Néon, qui avait été nommé stratége à la place de Chirisophe, voyant l’extrême disette où les hommes sont réduits, et voulant leur être agréable, profite de la rencontre d’un Héracléote qui lui dit connaître des villages voisins où l’on peut prendre des vivres : il fait publier par un héraut que quiconque veut aller chercher des vivres n’a qu’à venir avec lui : il les guidera. Il sort du camp, avec des piques, des outres, des sacs et autres ustensiles, environ deux mille hommes.
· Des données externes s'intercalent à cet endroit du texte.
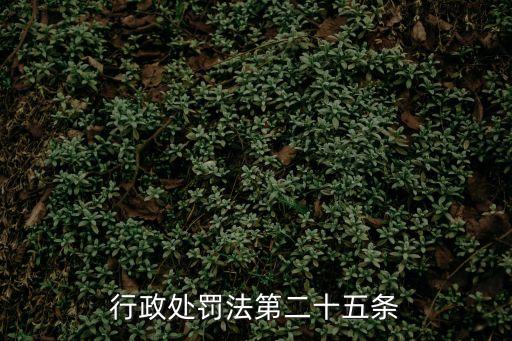 行政處罰法全文，行政處罰法第二十五條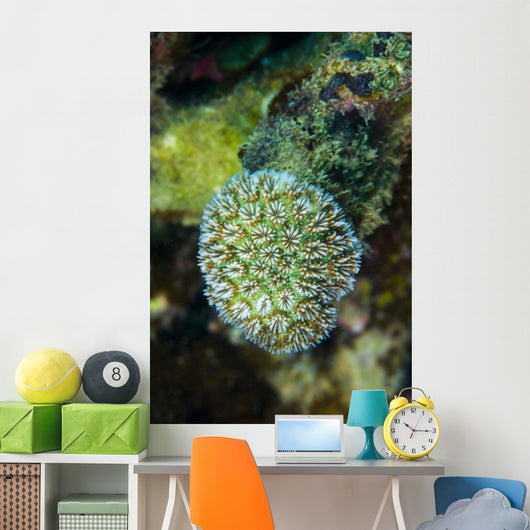 Macro Coral Malaysia Wall Decal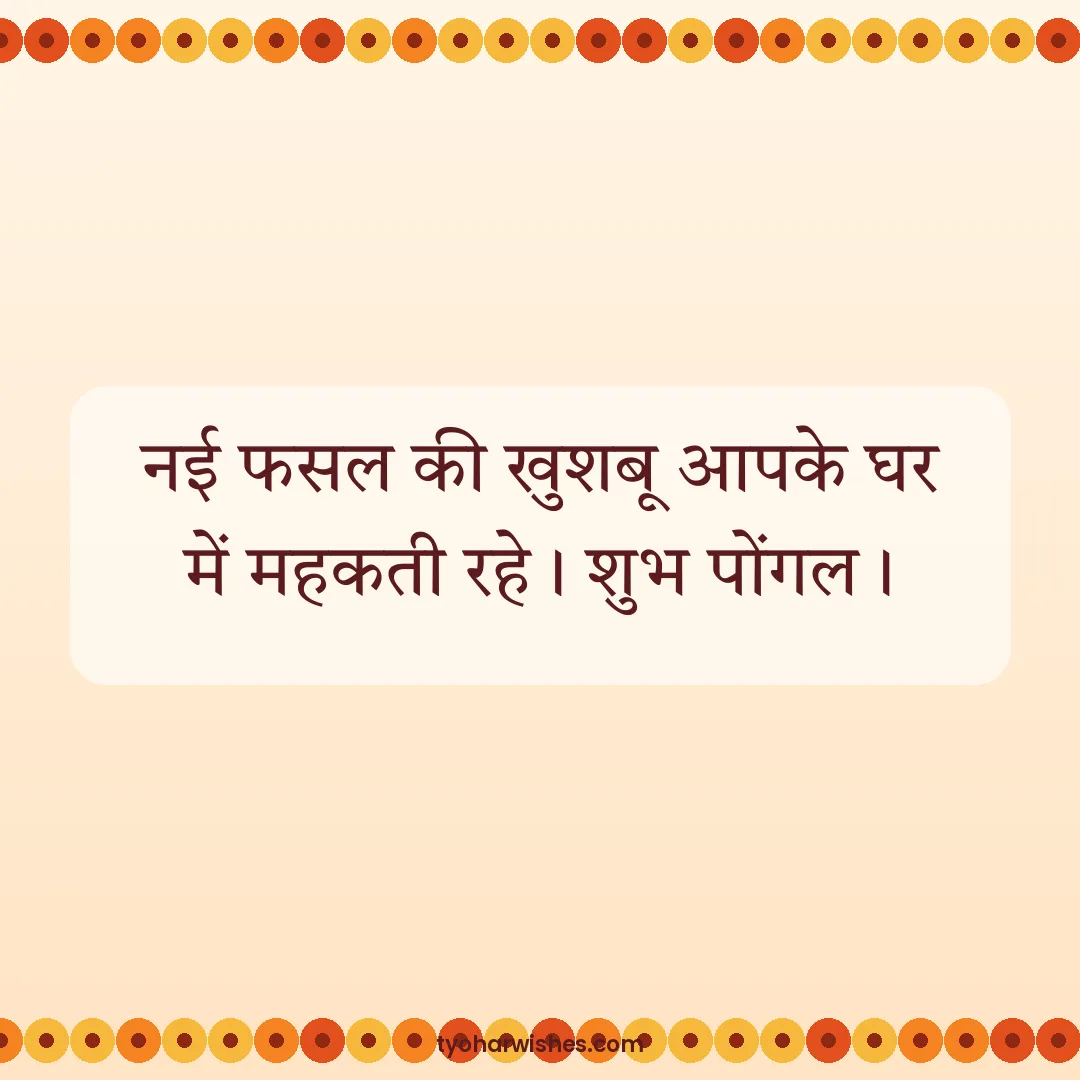 Pongal wish image: नई फसल की खुशबू आपके घर में महकती रहे। शुभ पोंगल।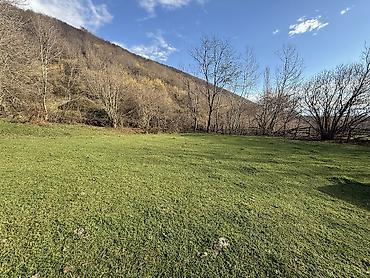 Torpaq sahələrinin satışı: 35 sot, Mülkiyyətçi — 12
Mais à peine se sont-ils rendus dans les villages et dispersés pour piller, que les cavaliers de Pharnabaze tombent sur eux. Ils étaient venus en aide aux Bithyniens, avec l’intention de s’unir à eux pour empêcher les Grecs d’entrer en Phrygie. Ces cavaliers tuent au moins cinq cents Grecs ; le reste s’enfuit sur la montagne.
Un des fuyards rapporte au camp cette nouvelle. Comme ce jour-là même les victimes n’avaient pas été favorables, Xénophon prend un bœuf d’attelage, faute d’autre victime, l’immole et marche au secours des Grecs avec tous les soldats âgés de moins de trente ans. Ils recueillent les débris de la troupe et les ramènent au camp. Le soleil allait se coucher, et les Grecs, tout découragés, étaient à souper. Tout à coup, à travers un fourré, des Bithyniens tombent sur les avant-postes, tuent plusieurs soldats et poursuivent les autres jusqu’au camp. Un cri s’élève ; tous les Grecs courent aux armes ; il paraît dangereux de poursuivre l’ennemi et de lever le camp pendant la nuit, parce que le pays est fourré ; mais on passe la nuit en armes, après avoir posé des gardes assez fortes pour combattre.